*What the task asks*:
In this exercise, retype exactly the lines from the start of the entries through the line bearing "대인 동기와 대인 신념-19", leaving every picture out.

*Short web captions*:

....................

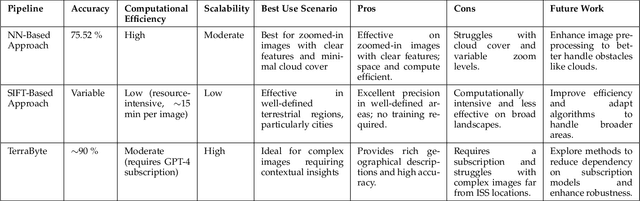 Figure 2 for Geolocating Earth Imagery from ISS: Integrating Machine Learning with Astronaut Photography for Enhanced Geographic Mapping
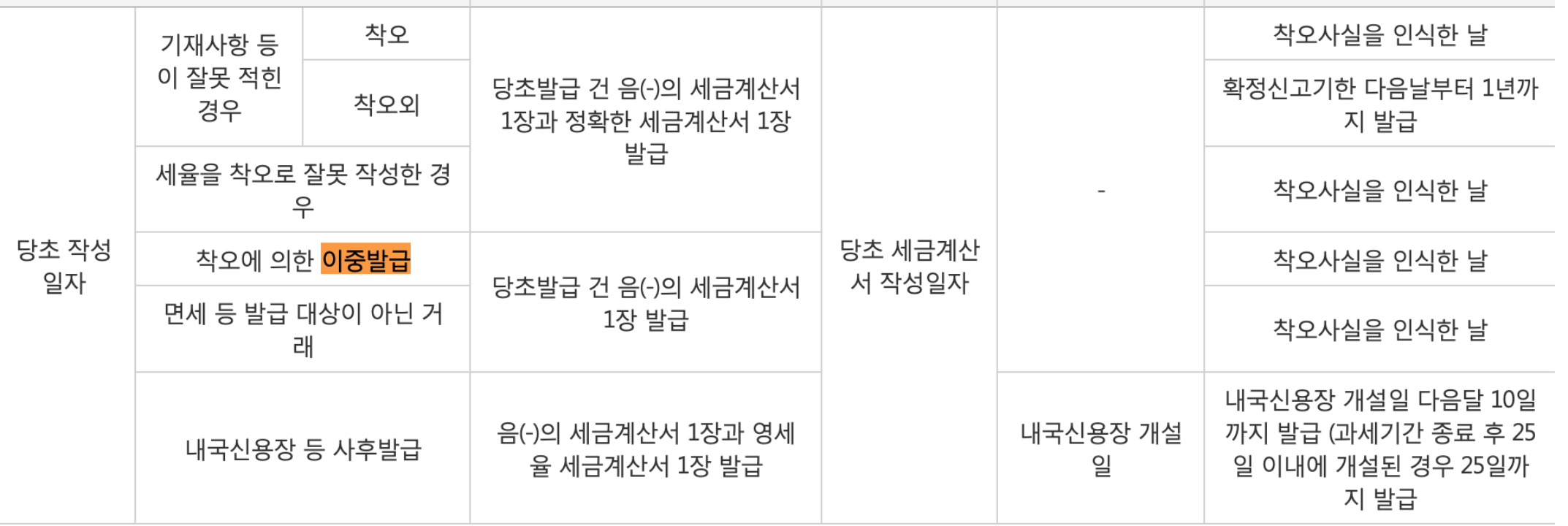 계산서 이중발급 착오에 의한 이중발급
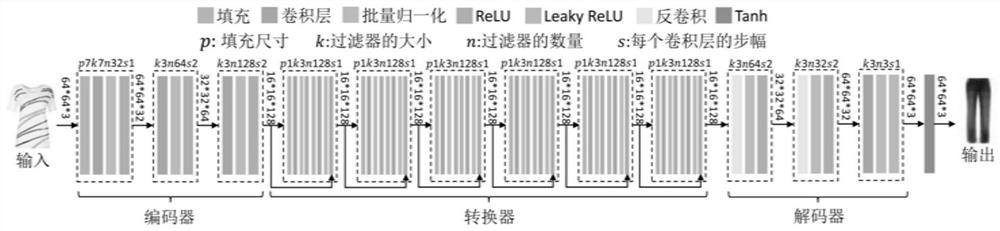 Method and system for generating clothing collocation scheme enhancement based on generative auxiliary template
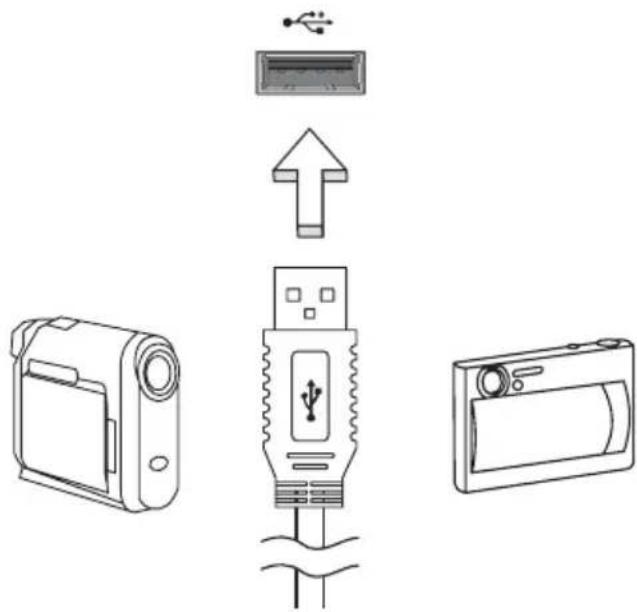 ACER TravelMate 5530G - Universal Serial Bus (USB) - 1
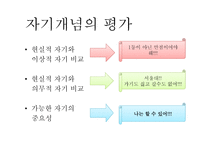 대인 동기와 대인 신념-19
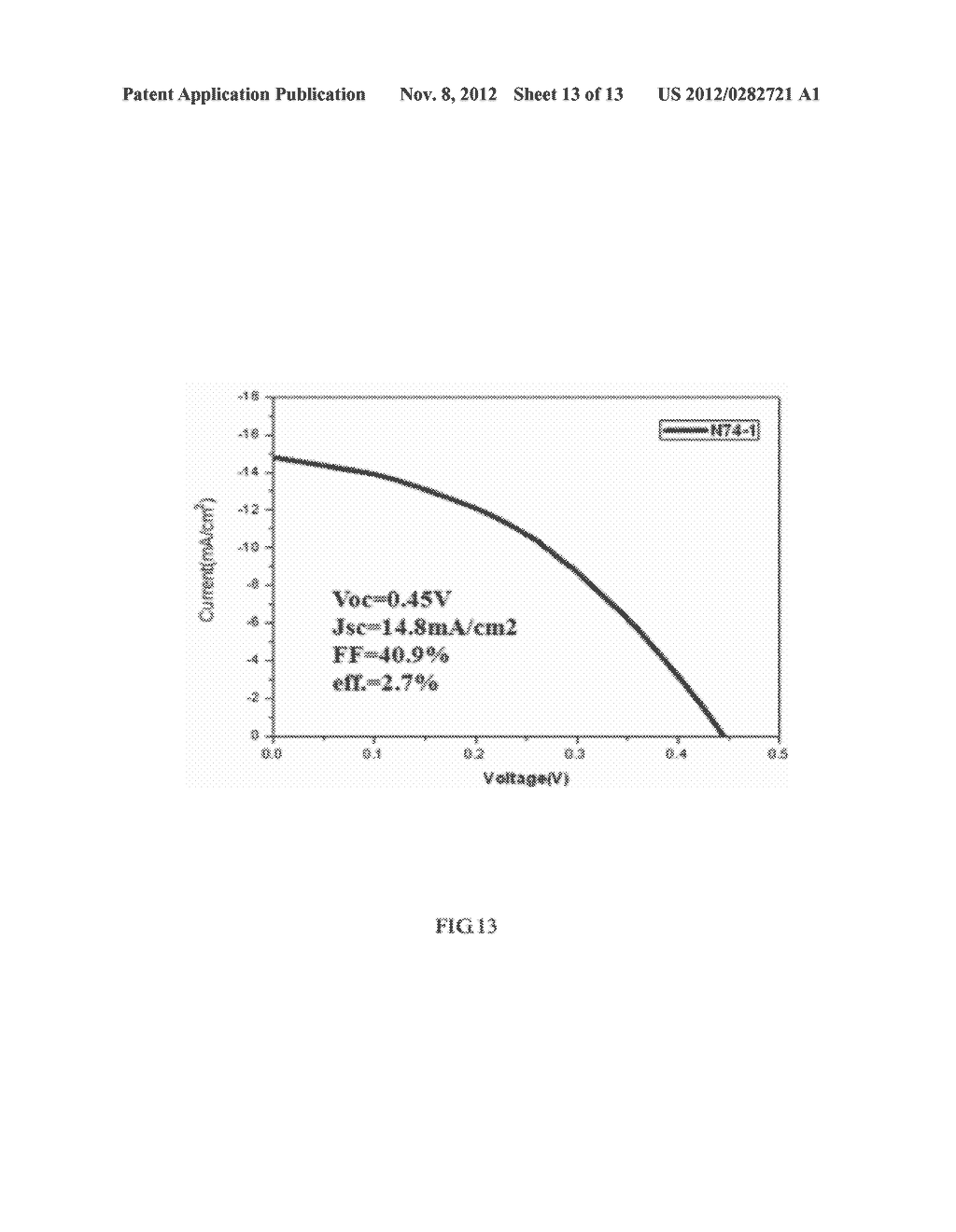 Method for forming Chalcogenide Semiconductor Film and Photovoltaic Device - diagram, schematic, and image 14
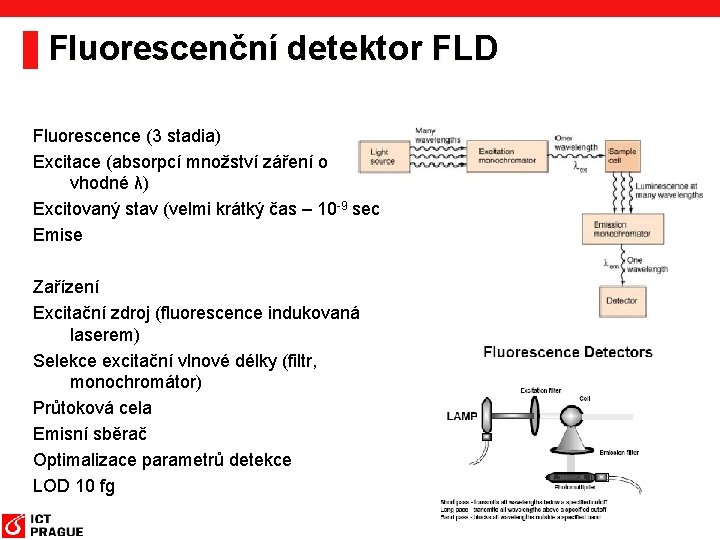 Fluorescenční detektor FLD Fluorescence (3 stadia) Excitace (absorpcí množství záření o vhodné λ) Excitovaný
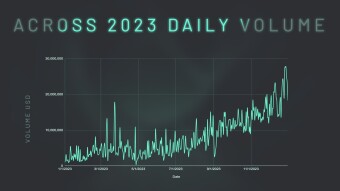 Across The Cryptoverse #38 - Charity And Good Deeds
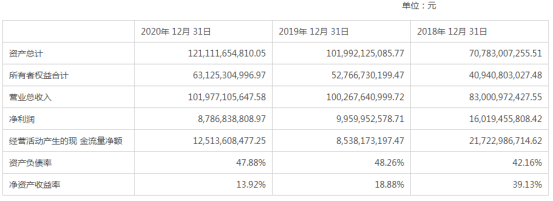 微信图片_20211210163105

....................

*Response to this task*:
 Figure 2 for Geolocating Earth Imagery from ISS: Integrating Machine Learning with Astronaut Photography for Enhanced Geographic Mapping
 계산서 이중발급 착오에 의한 이중발급
 Method and system for generating clothing collocation scheme enhancement based on generative auxiliary template
 ACER TravelMate 5530G - Universal Serial Bus (USB) - 1
 대인 동기와 대인 신념-19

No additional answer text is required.